Collected data entries:
--

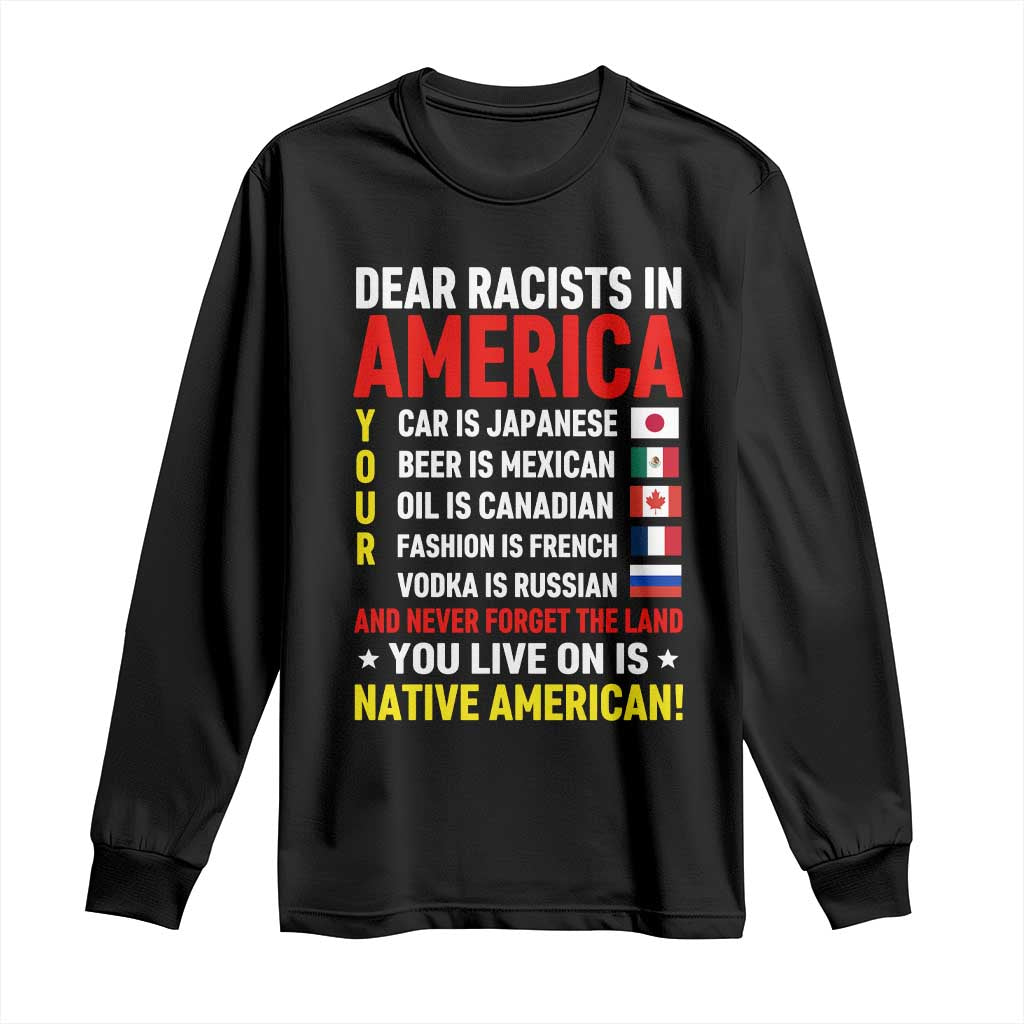 Dear Racists In America Land You Live On Is Native American Long Sleeve Shirt Anti Racism Social Justice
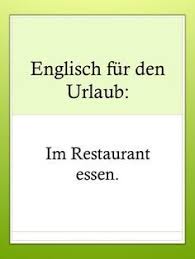 Urlaubsenglisch Im Restaurant Essen Englisch Lernen Englisch Auffrischen Englisch Vokabeln Lernen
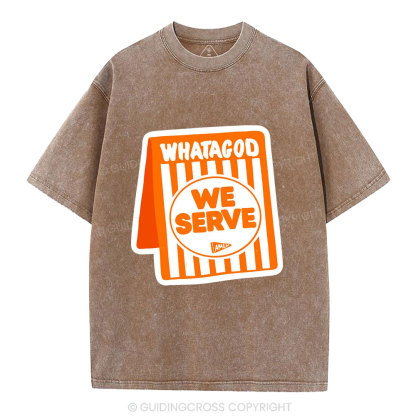 We Serve Christian Washed T—Shirt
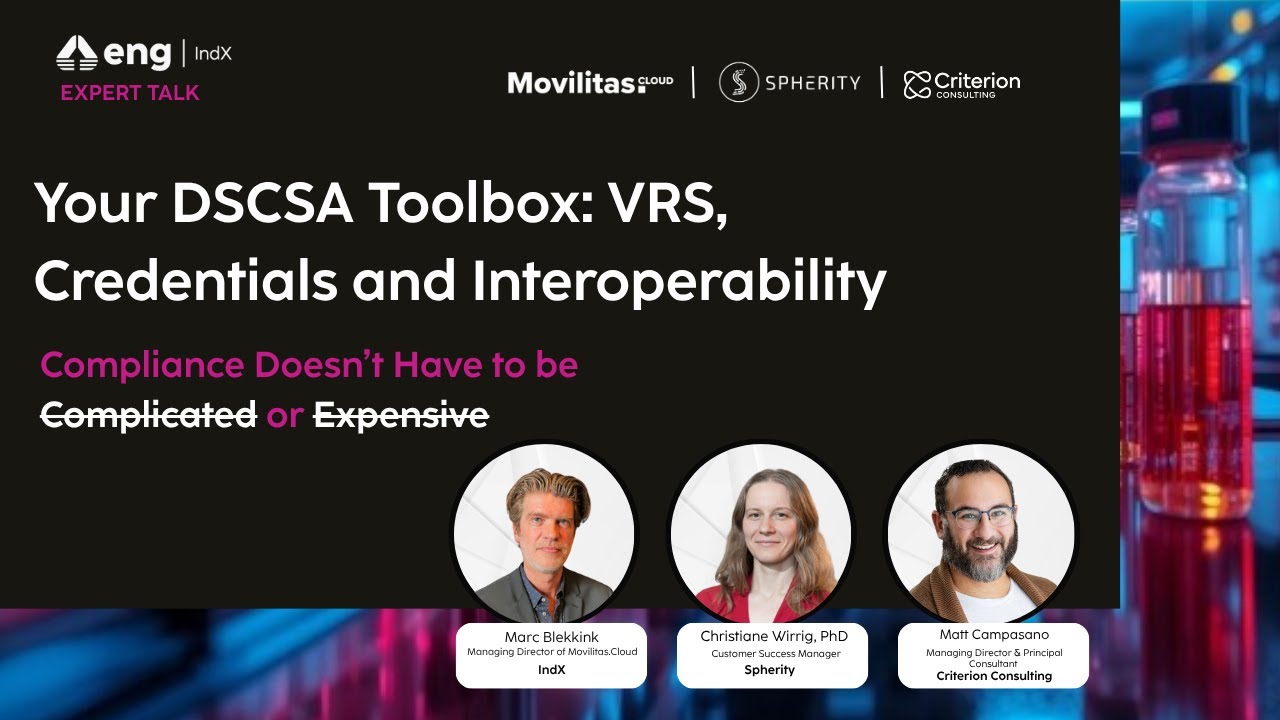 Expert Talk - Your DSCSA Toolbox: VRS, Credentials & Interoperability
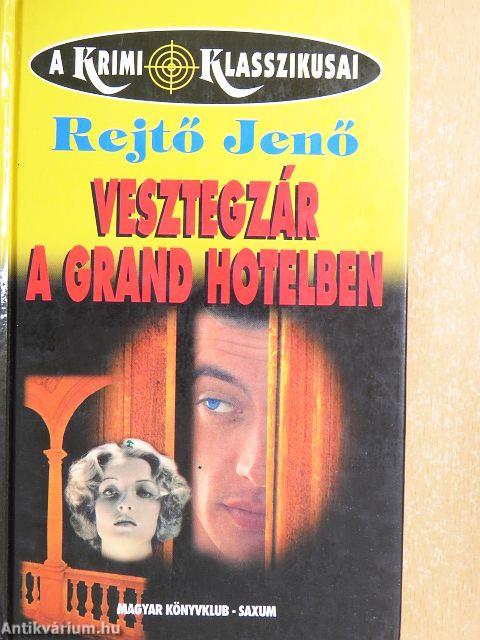 Vesztegzár a Grand Hotelben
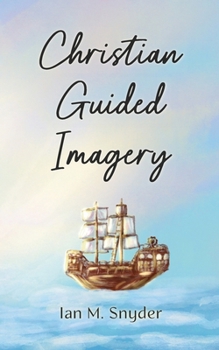 Paperback Christian Guided Imagery Book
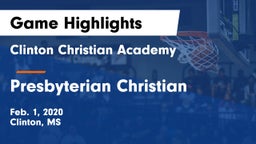 Clinton Christian Academy  vs Presbyterian Christian  Game Highlights - Feb. 1, 2020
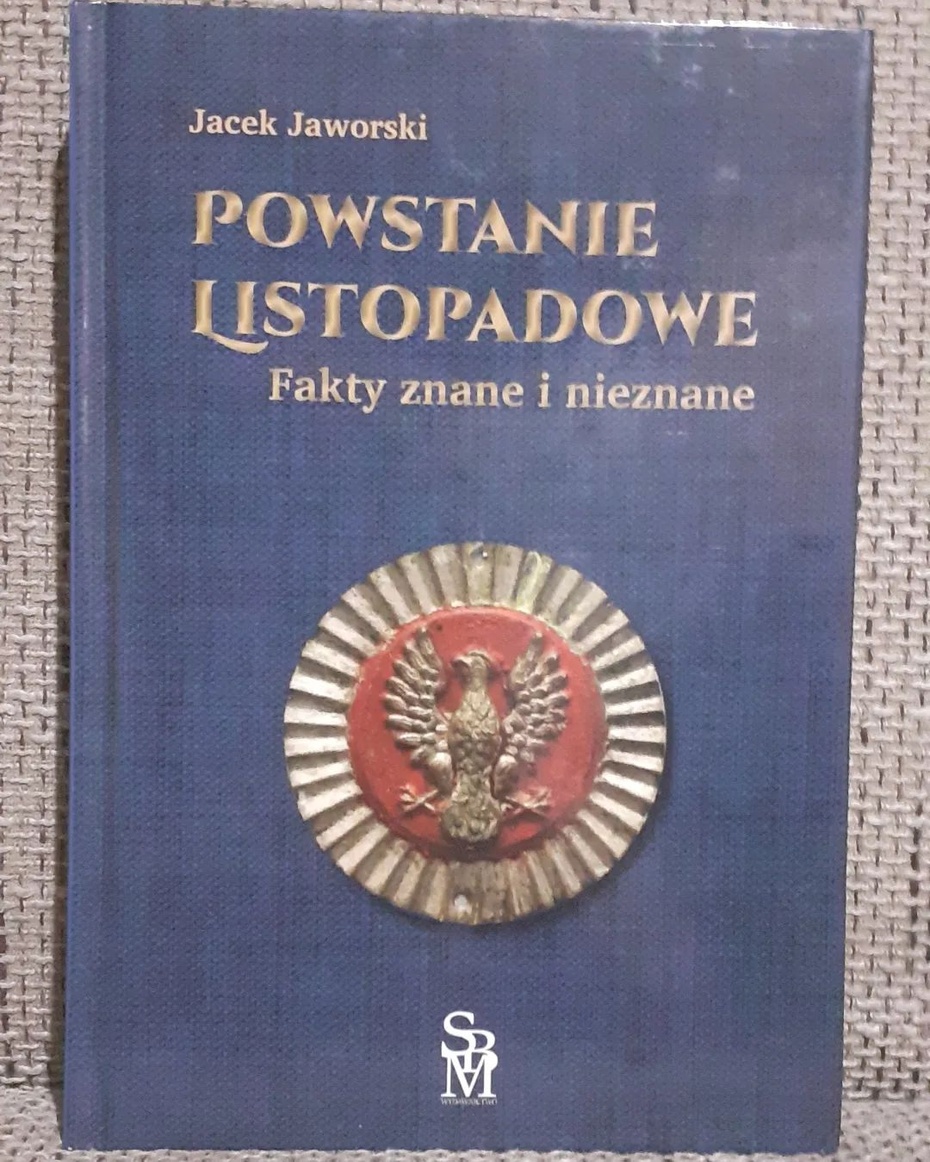 Artur Kozieł -  "Powstanie Listopadowe. Fakty znane i nieznane".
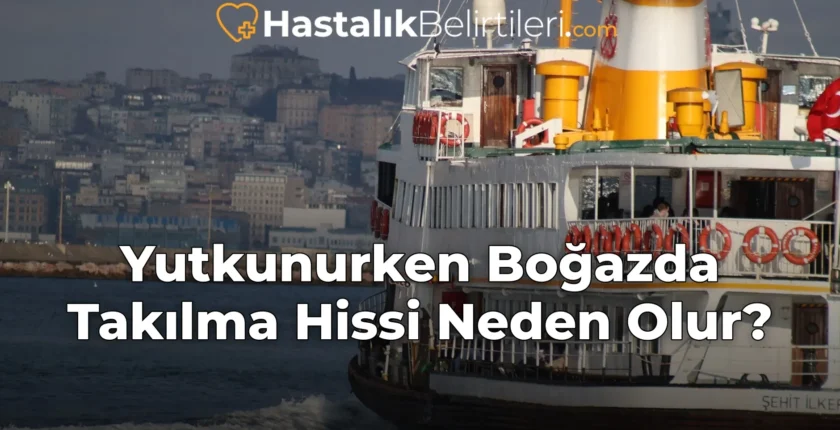 Yutkunurken Boğazda Takılma Hissi Neden Olur?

--

--- Exercise brief ---
Once the line holding "Clinton Christian Academy" is found, set it down along with every line after it through the end of the entries, exactly, leaving the pictures out.

--- Finished task ---
 Clinton Christian Academy  vs Presbyterian Christian  Game Highlights - Feb. 1, 2020
 Artur Kozieł -  "Powstanie Listopadowe. Fakty znane i nieznane".
 Yutkunurken Boğazda Takılma Hissi Neden Olur?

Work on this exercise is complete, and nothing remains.